*** Opening of TASK MATERIAL ***
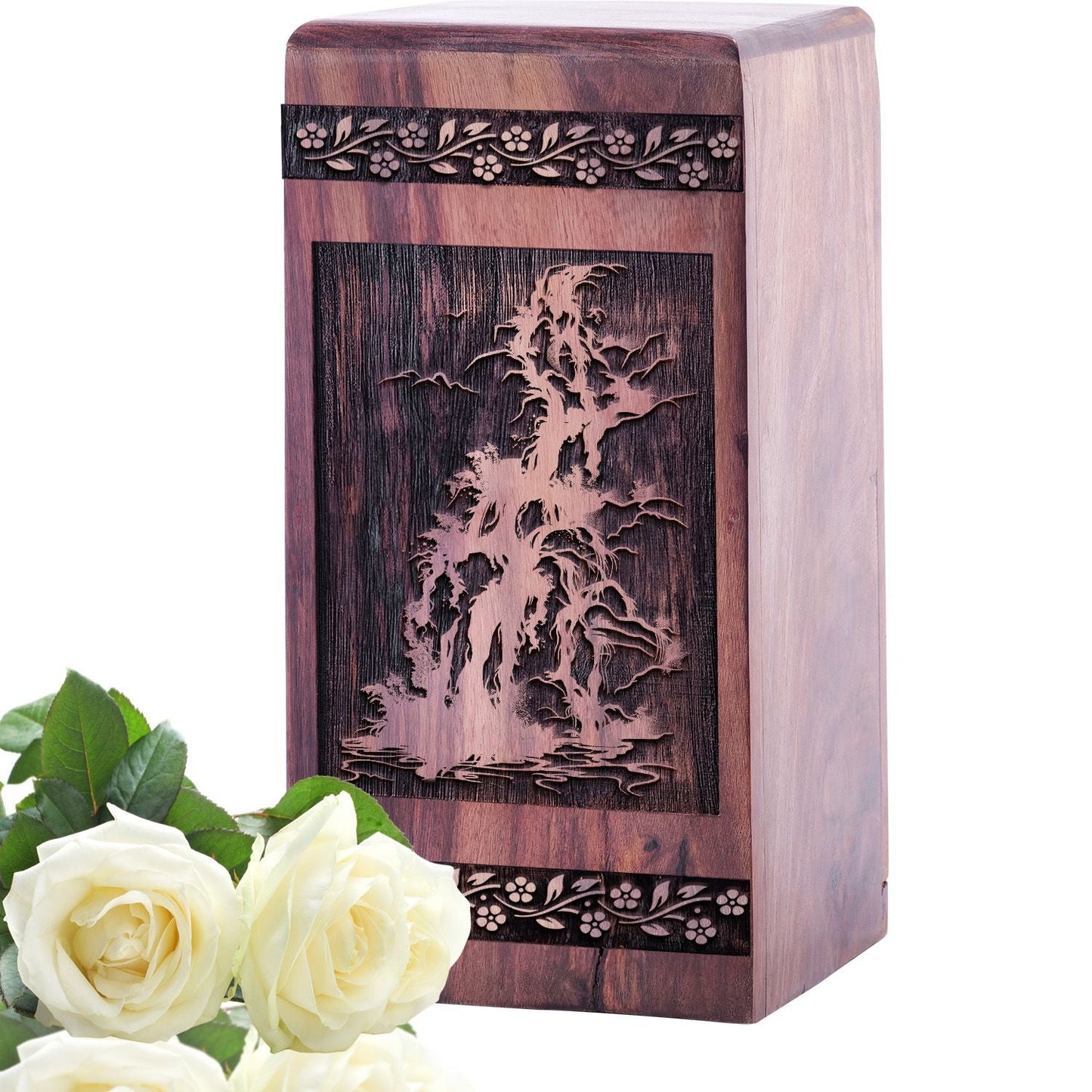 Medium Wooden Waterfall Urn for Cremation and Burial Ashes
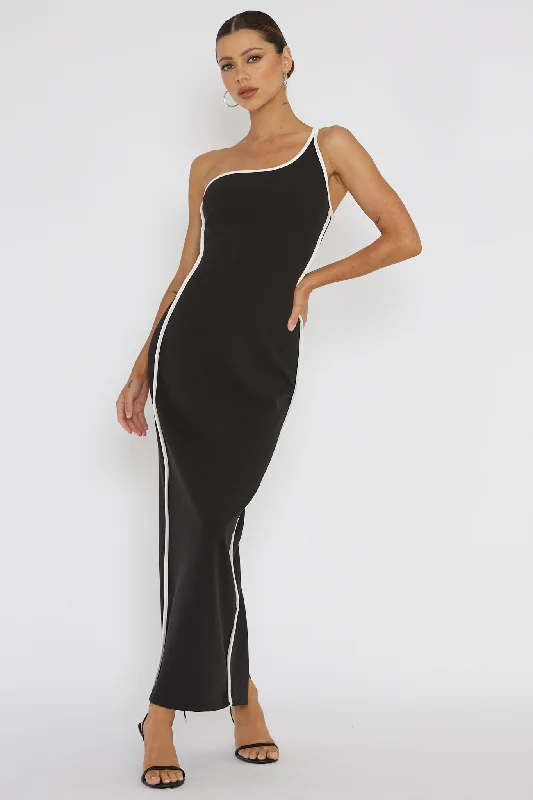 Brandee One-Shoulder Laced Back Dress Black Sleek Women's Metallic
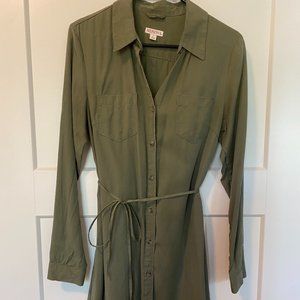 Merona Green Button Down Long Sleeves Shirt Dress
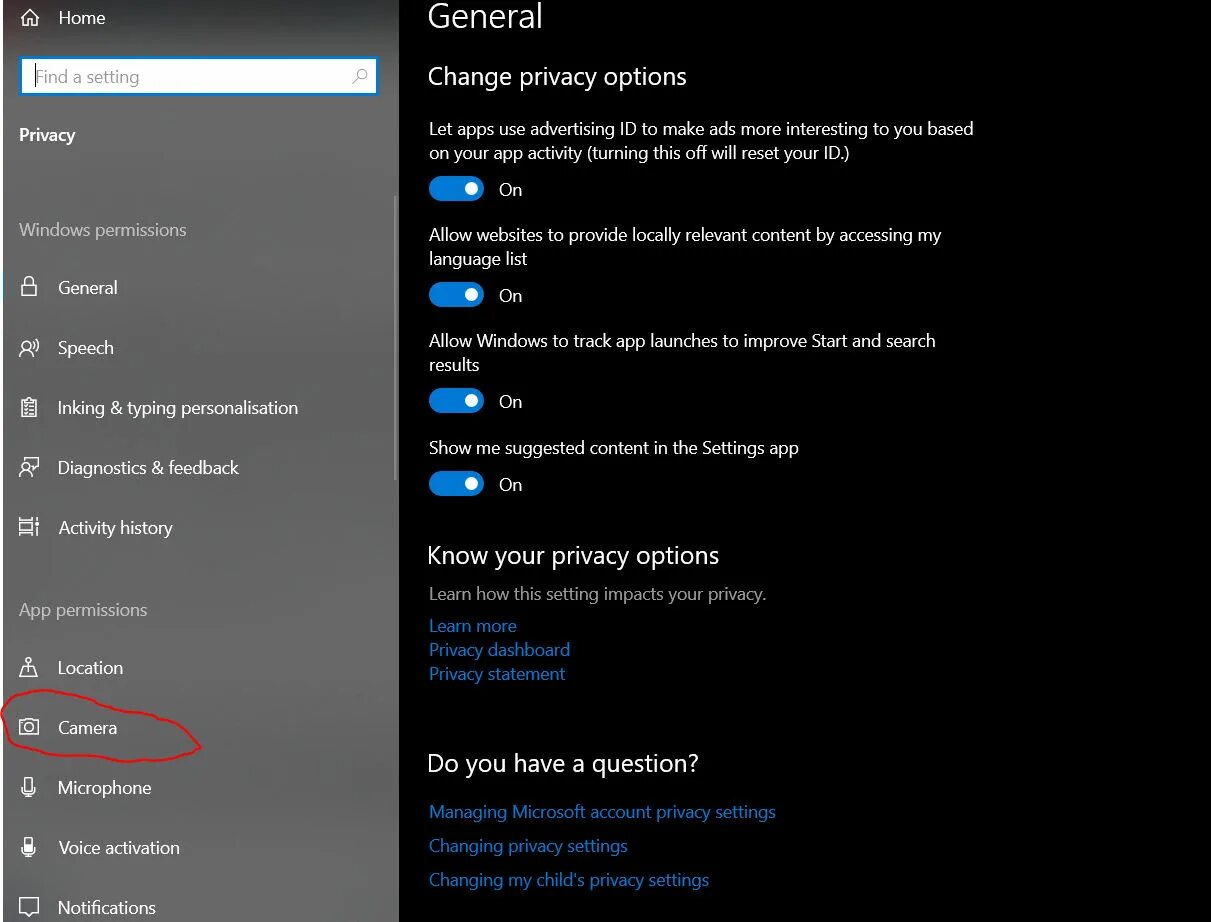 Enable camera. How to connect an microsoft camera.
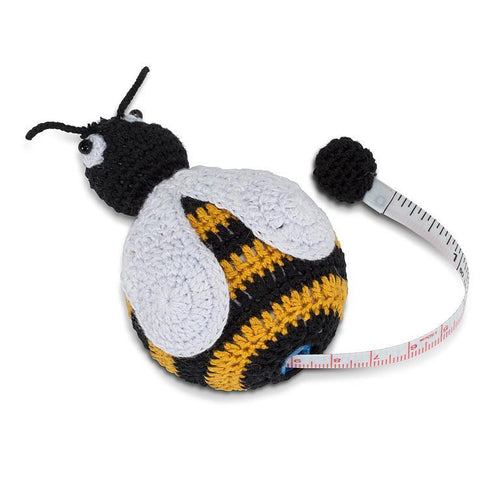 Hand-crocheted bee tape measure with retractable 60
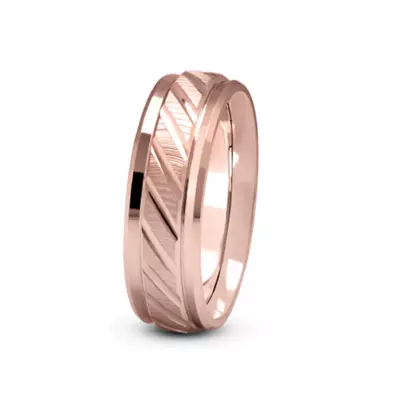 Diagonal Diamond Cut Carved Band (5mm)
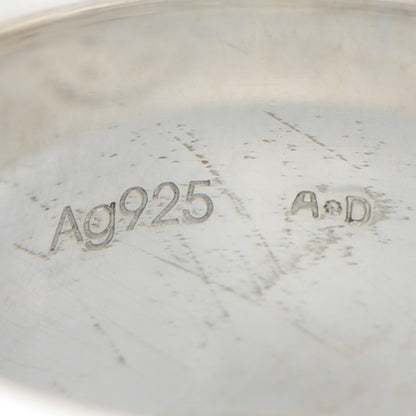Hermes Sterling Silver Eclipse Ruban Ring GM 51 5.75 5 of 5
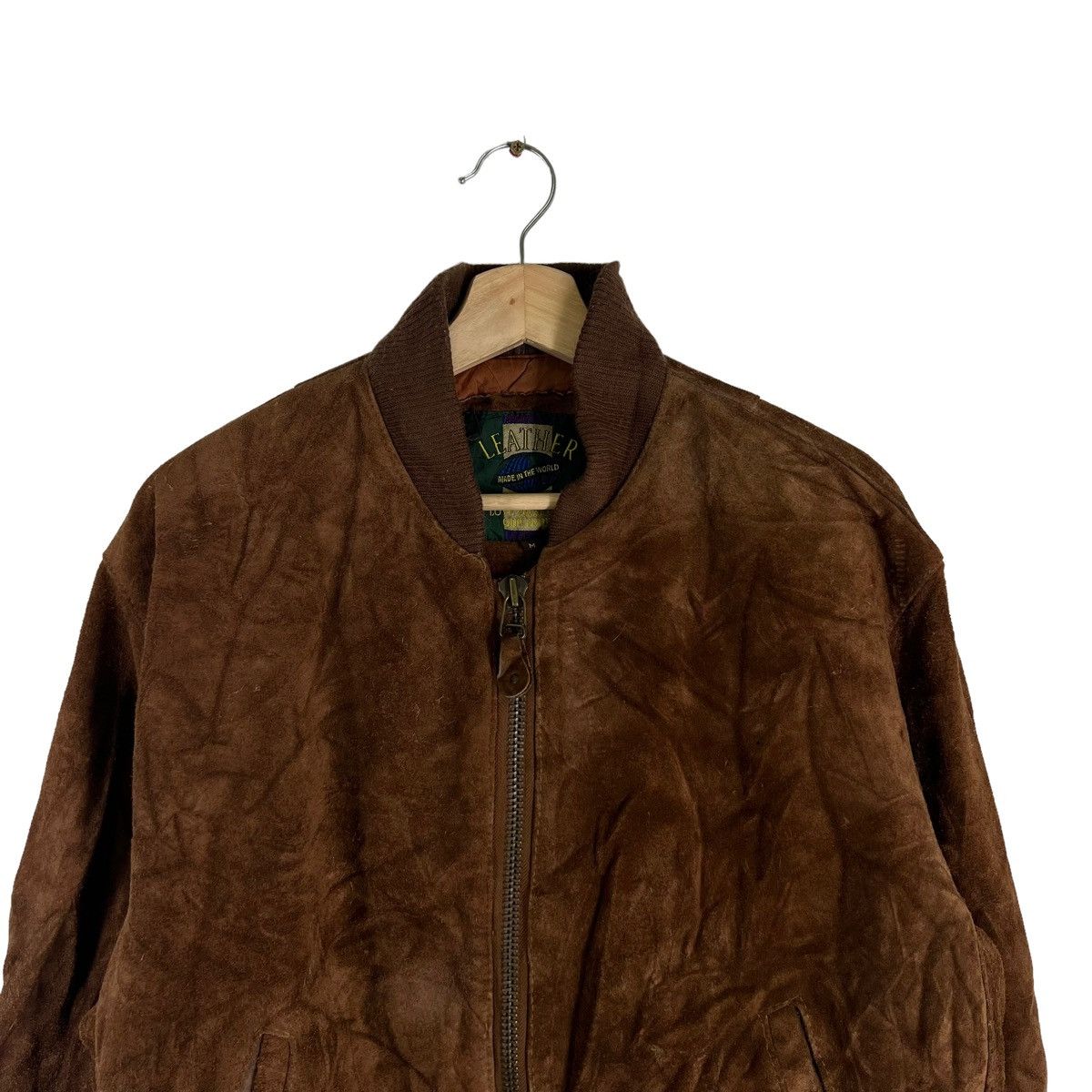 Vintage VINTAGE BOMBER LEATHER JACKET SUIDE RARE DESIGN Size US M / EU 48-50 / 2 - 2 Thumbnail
*** Close of TASK MATERIAL ***
=== WHAT IS BEING ASKED ===
Beginning at the line with "Diagonal Diamond Cut Carved Band (5mm)", reproduce word for word each line through the last line of the records. Include both ends but no pictures.

=== ANSWER SECTION ===
 Diagonal Diamond Cut Carved Band (5mm)
Hermes Sterling Silver Eclipse Ruban Ring GM 51 5.75 5 of 5
 Vintage VINTAGE BOMBER LEATHER JACKET SUIDE RARE DESIGN Size US M / EU 48-50 / 2 - 2 Thumbnail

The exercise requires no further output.